[Start of Attachment]
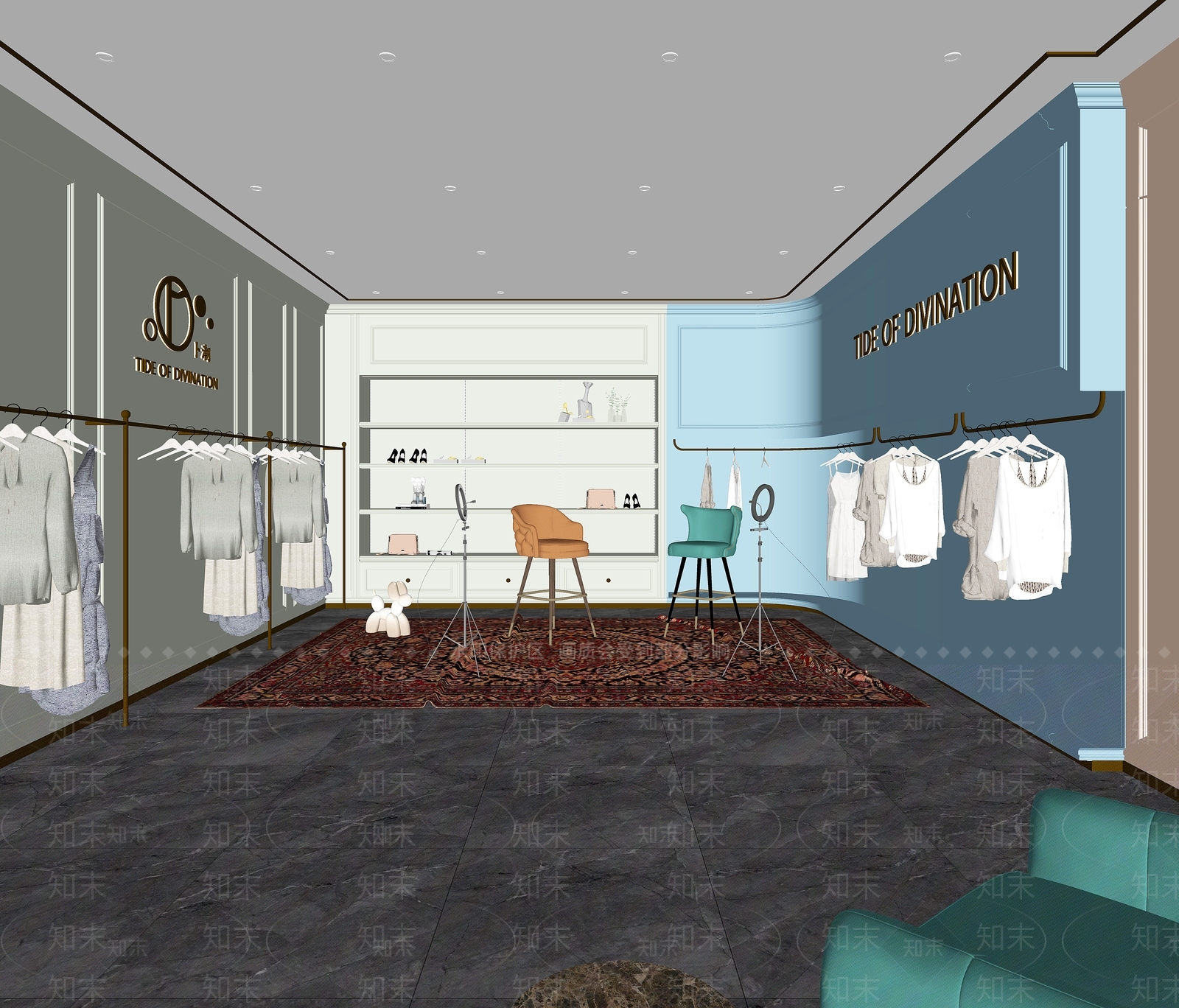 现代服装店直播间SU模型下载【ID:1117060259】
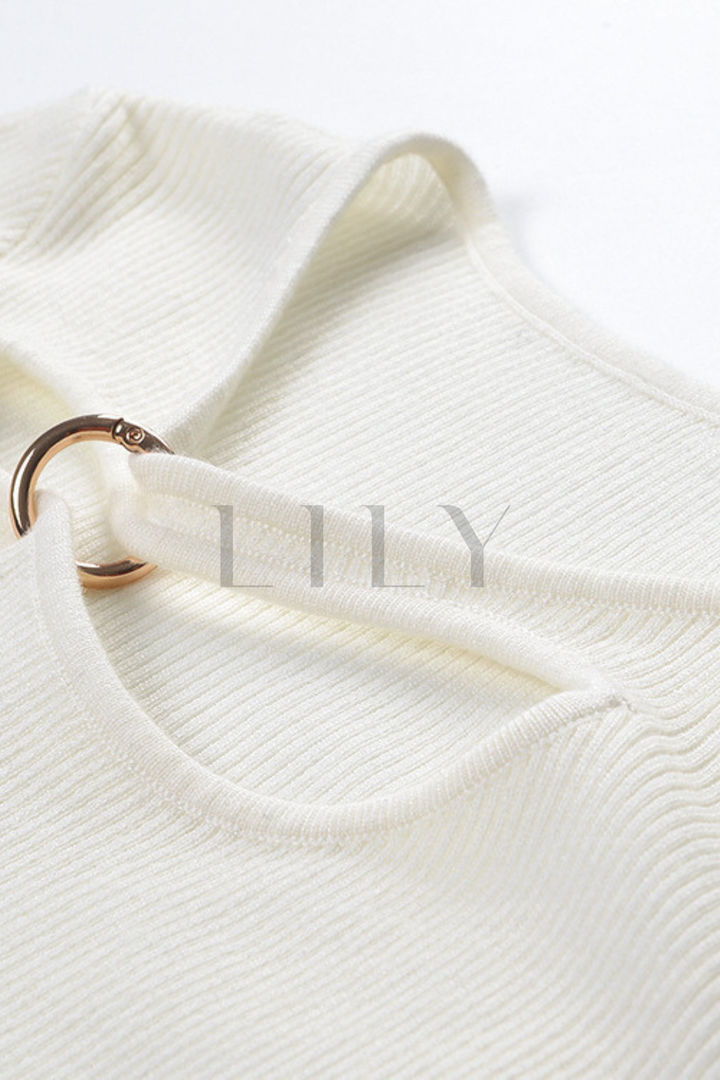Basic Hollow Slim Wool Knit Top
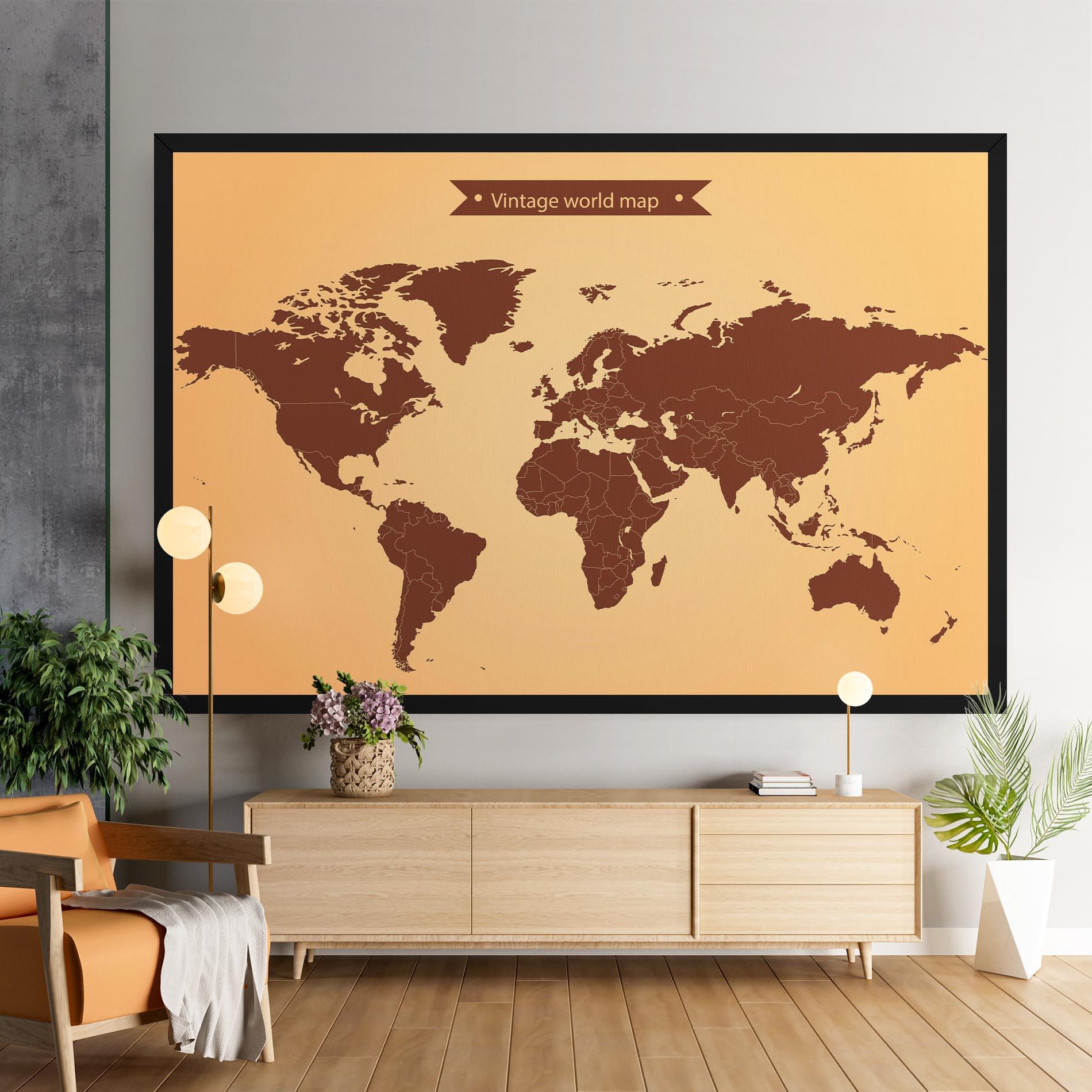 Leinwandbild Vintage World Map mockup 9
[End of Attachment]
HOW TO COMPLETE THIS TASK: Retype the whole listing word for word. Skip the pictures.

ANSWER BOX:
 现代服装店直播间SU模型下载【ID:1117060259】
Basic Hollow Slim Wool Knit Top
 Leinwandbild Vintage World Map mockup 9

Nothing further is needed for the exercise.